A multi-stage HMM-based text recognition system for handwritten Arabic is presented. This system employs a novel way of representing Arabic characters by separating the core shapes from the diacritics and then representing these core shapes by smaller units which we term as sub-core shapes. This results in huge reductions in the number of models that need to be trained for the text recognition task. Further, contextual HMM modeling utilizing these sub-core shapes is presented which demonstrates that using sub-core shapes as models improve the contextual HMM system in comparison with a contextual HMM system employing the standard Arabic character shapes as models, and it leads to significantly compact recognizer at the same time.
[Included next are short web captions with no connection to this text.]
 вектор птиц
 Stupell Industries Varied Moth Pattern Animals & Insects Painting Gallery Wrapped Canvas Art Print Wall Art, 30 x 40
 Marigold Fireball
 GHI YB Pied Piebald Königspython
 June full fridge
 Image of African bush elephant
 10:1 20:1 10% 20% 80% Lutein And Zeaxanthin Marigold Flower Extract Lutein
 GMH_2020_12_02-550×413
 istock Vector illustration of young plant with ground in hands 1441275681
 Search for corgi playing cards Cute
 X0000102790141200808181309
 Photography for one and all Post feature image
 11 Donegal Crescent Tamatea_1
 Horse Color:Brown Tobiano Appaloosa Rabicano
Furthermore, multi-stream contextual sub-core-shape HMMs are presented where the features computed from a sliding window form one stream and its horizontal derivative features are the second stream with each stream having different weights. The system is evaluated on two publicly available databases for different text recognition tasks including conditions where little training data are available. The presented system outperforms the standard character-shape system on all the text recognition tasks on both the databases.
Short bio of presenter:
Dr. Irfan Ahmad is an Assistant Professor in the Department of Information & Computer Science at KFUPM. He received his PhD degree in Computer Science from TU Dortmund, Germany in 2017. He received his MS in Computer Science from KFUPM. He is actively involved in research in the area of Pattern Recognition and Machine Learning. Dr. Ahmad has worked on several research projects funded by KACST and KFUPM. Dr. Ahmad has published several articles in high quality journals and international conferences. He has also published a book chapter and has 3 US Patents under his name. He regularly reviews articles for well-known journals and conferences in his area of research in addition to being a program committee member for some reputed international conferences.